Hacker News new | ask | show | jobs
by Bedon292 3411 days ago
I know its just a benchmark for comparison, and it is awesome. I love seeing cool comparisons like this, but why do I care that this particular benchmark is faster than Spark? What sort of analytics will be affected by this improvement, and will it actually be saving me time on real world use cases?
3 comments

Our impression was that when Databricks released the billion-rows-in-one-second-on-a-laptop benchmark, readers were pretty awed by that result. We wanted to show that when you combine an in-memory database with Spark so it shares the same JVM/block manager, you can squeeze even more performance out of Spark workloads (over and above Spark 's internal columnar storage). Any analytics that require multiple trips to a database will be impacted by this design. E.g. workloads on a Spark + Cassandra analytics cluster will be significantly slower, barring some fundamental changes to Cassandra.
Good questions. One answer - Speed in analytics when working with large data sets matters. A lot. Think about this - several vendors seem to be claiming support for interactive analytics. i.e. i can ask an adhoc question on large volume of data and get some sort of insight in "interactive" times.

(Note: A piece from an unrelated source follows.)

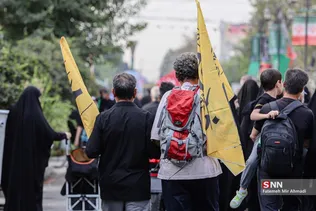 جاماندگان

Really? maybe with a thousand cores? In a competitive industry, say like in investment banking, if one can discern a pattern before the competition it simply provides an edge. Ask the question to folks involved in detecting fraud, or online portals trying to place an appropriate ad, or manufacturing plant trying to anticipate/predict faults. It isn't so much about trying to prove we are better than Spark (well other than grabbing some attention :-) ) but rather the potential to live in a world where batch processing is a thing of the past - like working with mainframes. The hope is that we can gain insight instantly. fwiw, we love Spark and expect some of these optimizations simply become part of Apache Spark.
it's literally impossible to test every possible workload for a tool like Spark so... what's the point of asking? Stand up a testing cluster, run some of your jobs and you'll get the answer.
I am not asking about every workload. I was just curious about an example workload where this benchmark matters.